Amid a rise in reported COVID-19 cases, Montgomery County, Maryland, updated the indicators its health department uses in case it needs to roll back on some of the reopening provisions allowed in Phase Two.
“We have been monitoring the uptick in cases to determine whether it was an anomaly, but the increase in cases has been consistent over the last few weeks,” Health Officer Dr.
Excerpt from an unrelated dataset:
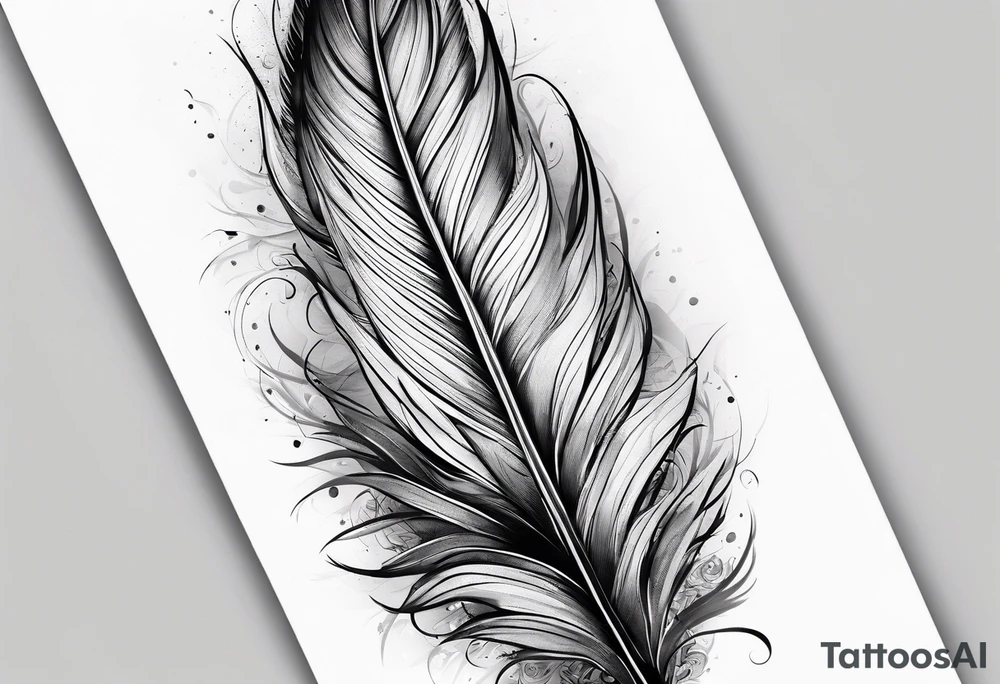 pen wrapped in feather tattoo idea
Travis Gayles said.
The seven-day moving average case rate per 100,000 in the county has been on the rise starting Oct. 13, according to the Maryland coronavirus website.
The test positivity rate — the percentage of tests coming back positive for the virus — remains below a key global bench mark of 5%. In Montgomery County, it’s currently 3.1%
However, Gayles said his team is seeing concerning increases, particularly in people age 40 and older.
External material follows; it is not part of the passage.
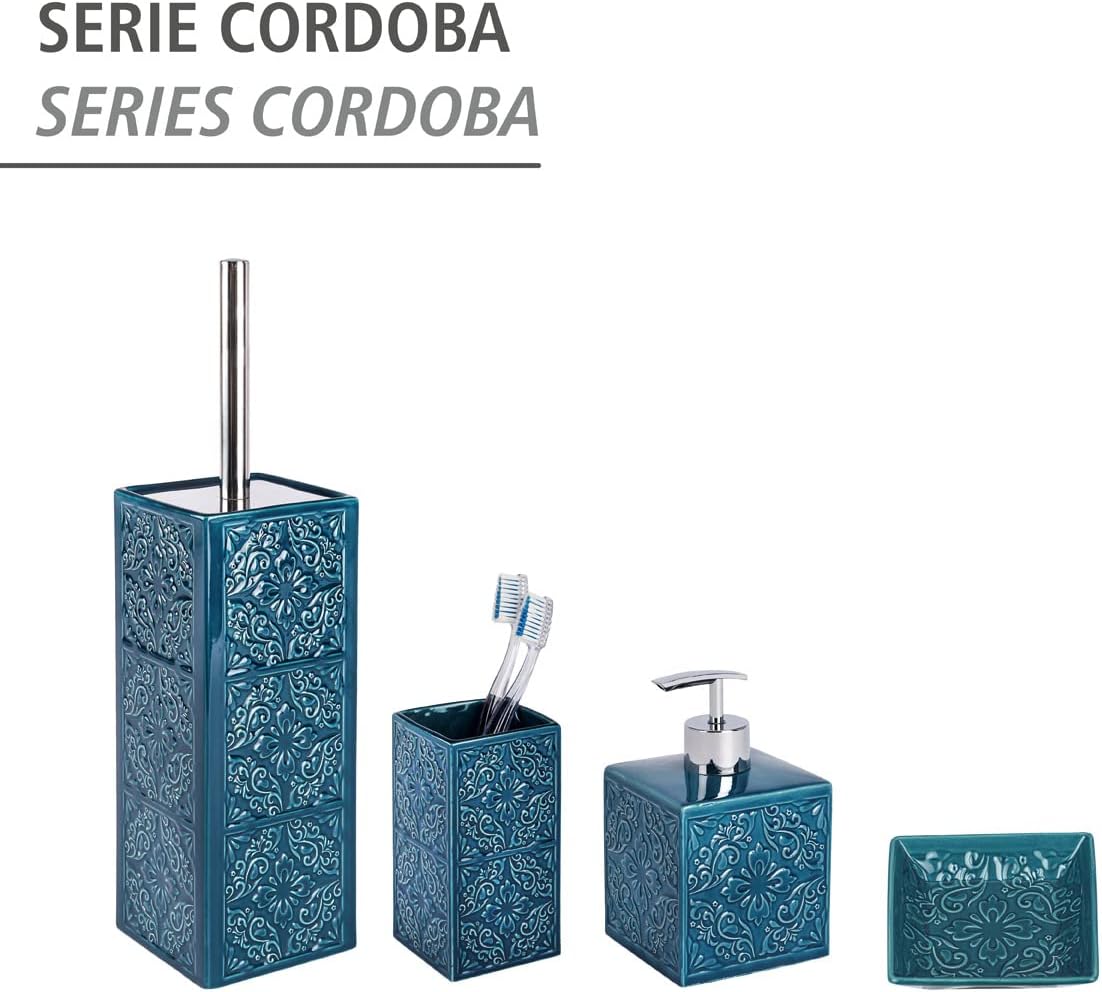 Wenko Cordoba Blue soap dispenser on bathroom countertop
The primary indicators that the county will be analyzing are:
- Daily case rate (seven-day average per 100,000 people)
- Test positivity rate or percentage (during the last 14 days)
- Rate of transmission
Secondary indicators to be evaluated include:
- Percentage of change in new cases per 100,000 people (during the last seven days compared with the previous seven days)
- Percentage of hospital inpatient beds that are occupied
- Percentage of intensive care unit beds occupied
- Percentage of hospital beds occupied by COVID-19 patients
- Positive cases with contact tracking attempts
- Positive cases that have been interviewed
- Close contacts to positive cases where contact has been attempted.
“Our goal is to reduce the risk of transmission of COVID-19 and these indicators will help us monitor the risk of transmission in the county,” Gayles said in a news release.
Montgomery County opted not to move into Phase Three when Maryland did last September because the community transmission rate of COVID-19 was still higher than the county’s health department was comfortable with proceeding.
Businesses that are currently open with capacity and space restrictions in Phase Two include restaurants, retail, child care, gyms and hotels, as well as houses of worship. Senior centers, libraries and recreation facilities remain closed in Montgomery County.
Gayles said earlier this week that rather than issuing “blanket closures,” the county would likely start with tweaking capacity limits at businesses and gatherings.
“I don’t want to see us have to rollback any of the activities that we have reopened over the last three or four months,” County Executive Marc Elrich said in a statement.
The new indicators are available on the county’s website and will be updated daily.